Autre refrain particulièrement en vogue dans tout le monde arabe, celui de la chanteuse égyptienne Najat Essaghira implorant son amant : "Je te demande de me laisser partir". La ritournelle a été reprise comme une revendication lancée aux autorités en place : "Je te demande de partir".
À partir du 25 janvier, les chants, des plus traditionnels au plus modernes, ont été omniprésents dans tous les lieux de la contestation du pouvoir égyptien. Sur la place Tahrir, au Caire, devenue le centre névralgique du mouvement de contestation, des haut-parleurs ont non seulement craché des slogans anti-Moubarak et des discours politiques, mais aussi des chansons à la gloire de l'Égypte.
"Des 'poètes' écrivaient des slogans, d'autres composaient des musiques, ceux qui étaient place Tahrir jour et nuit produisaient constamment de nouvelles chansons", explique Sarah, jeune militante des droits de l'Homme, qui s'est rendue jour après jour sur la célèbre place.
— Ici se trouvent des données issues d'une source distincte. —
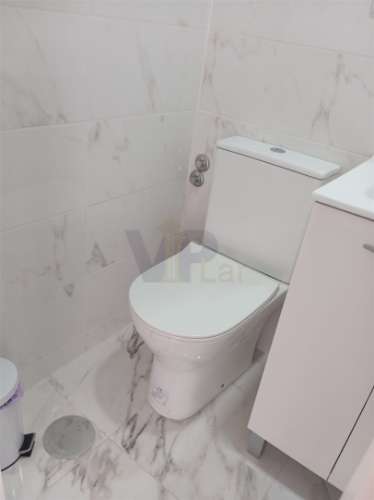 QUARTO individual 15m² c/ despesas incluídas e AC - Ao H. S. João / Faculdades (Amial)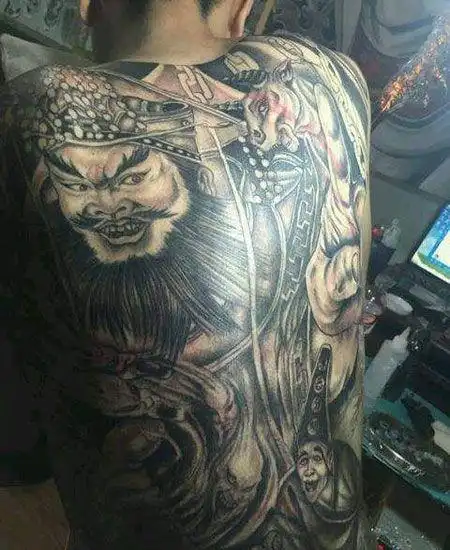 满背经典阎王纹身图案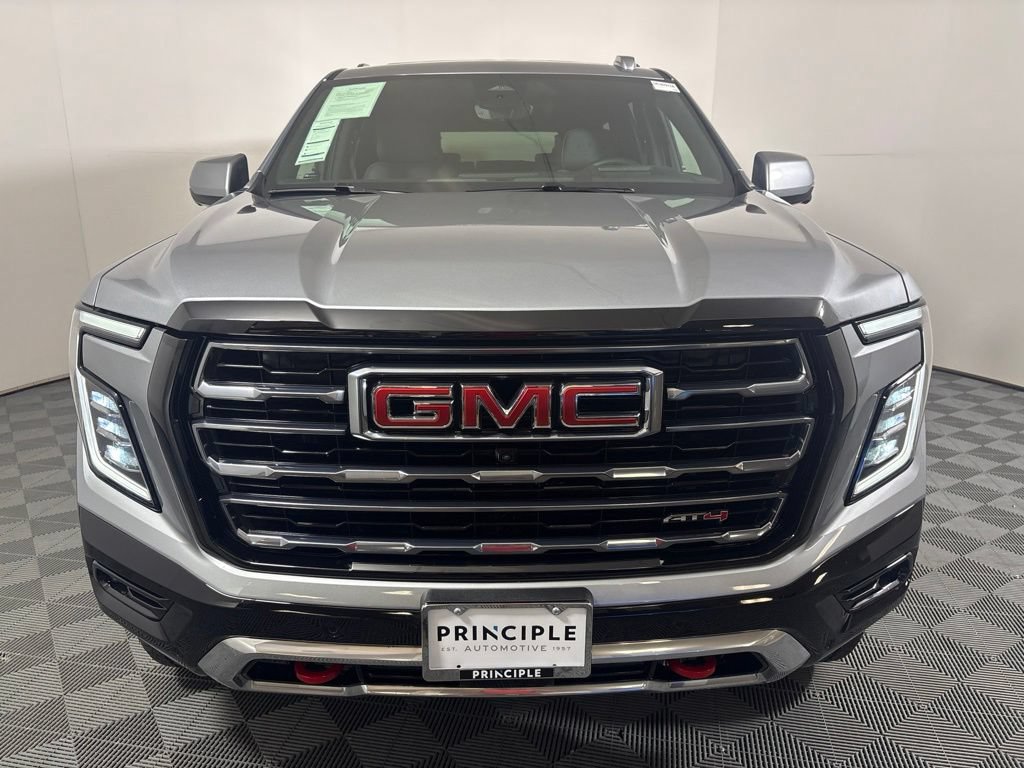 Used 2025 GMC Yukon AT4 w/ AT4 Premium Plus Package AWD/4WD image 3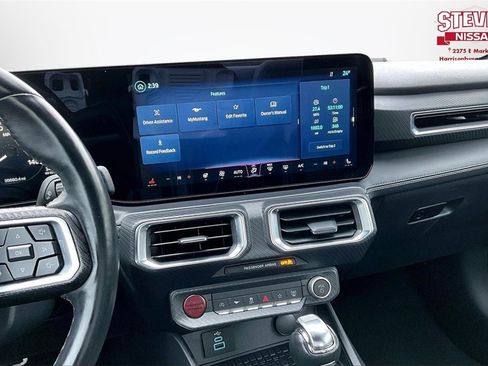 Used 2024 Ford Mustang Premium image 9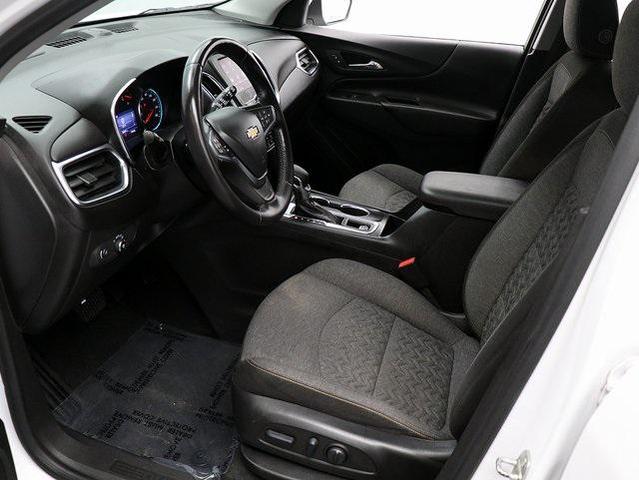 Photo of 2022 Summit White Chevrolet Equinox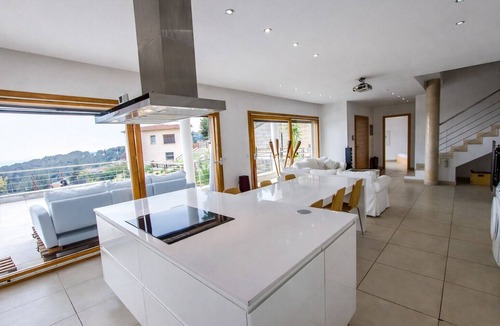 Sant Cebria de Vallalta Villa | Modern Mestral - a few km to the beach!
(« Cette chanson est dédiée à Moubarak : tous, nous sommes là, unis, pour demander une seule chose : va-t-en. »)
"Nous chantons tout le temps l’hymne national", témoigne pour sa part Ola, une professeure d’arabe âgée de 44 ans qui s’est rendue tous les après-midi place Tahrir pour manifester contre Hosni Moubarak. L’hymne national, "Bilādī, bilādī, bilādī" (“Mon pays, mon pays mon pays, à toi mon amour et mon coeur”), "était repris dans toutes les mascarades officielles, note Pierre Abi Saab, responsable des pages culturelles du quotidien libanais "Al Akhbar", "maintenant, ce sont les jeunes qui se le réapproprient".
D'autres chants datent, eux, du temps des revendications anticolonialistes et nationalistes sous le régime de Nasser (1958-1970). Toutes les générations les connaissent. Dans ce répertoire populaire figure en premier chef l'incontournable diva Oum Kalsoum (voir vidéo), qui "parlait aux princes comme aux gens de la rue", pour reprendre les mots de l'écrivain égyptien Naguib Mahfouz. Il y a aussi le "Sinatra du Nil", Abdel Halim Hafez (voir vidéo).
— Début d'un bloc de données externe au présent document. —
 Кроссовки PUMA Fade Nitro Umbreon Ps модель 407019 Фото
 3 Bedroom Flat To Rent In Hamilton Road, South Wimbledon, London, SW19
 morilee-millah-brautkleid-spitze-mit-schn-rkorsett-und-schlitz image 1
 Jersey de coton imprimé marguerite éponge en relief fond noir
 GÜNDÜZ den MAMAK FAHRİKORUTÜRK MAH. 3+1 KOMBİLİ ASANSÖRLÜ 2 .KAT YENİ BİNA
Plus emblématiques encore sont les chansons révolutionnaires de Cheikh Imam, mort il y a 15 ans et qui avait payé ses paroles politiques de plusieurs séjours en prison sous la présidence d'Anouar el-Sadate (1970-1981). Ses chansons, que les médias officiels égyptiens prenaient soin de ne pas diffuser depuis des années, ont longtemps circulé dans tout le monde arabe sur des vieilles cassettes avant de se répandre sur Internet. C’est d'ailleurs avec une chanson de Cheikh Imam que la chaîne Al-Jazira a ouvert toutes ses émissions spéciales consacrées aux manifestations égyptiennes.
"Chaque génération redécouvre Cheick Imam et ses paroles, qui sont toujours d’une actualité terrifiante, témoigne Pierre Abi Saab. On dirait qu’elles ont été composées le 25 janvier dernier."
Nouvelle vague
Depuis la chute du président Hosni Moubarak le 11 janvier, de nouvelles productions célébrant le changement de régime sortent de mini-studios. "Nous avons réalisé l’essentiel, écrit avec notre sang", affirment Hany Adel et Amir Eid sur une vidéo tournée par de jeunes artistes égyptiens (écouter aussi le "Chant des martyrs" de Hany Adel, ici).
Car la jeune génération s’intéresse aussi aux nouveaux groupes en vogue. En Tunisie, le rappeur El General s’est fait mondialement connaître, début janvier, pour avoir fait de la prison en raison de son engagement politique. Mais il y a aussi Ramy Donjewan en Égypte, Lotfi Double Kanon en Algérie…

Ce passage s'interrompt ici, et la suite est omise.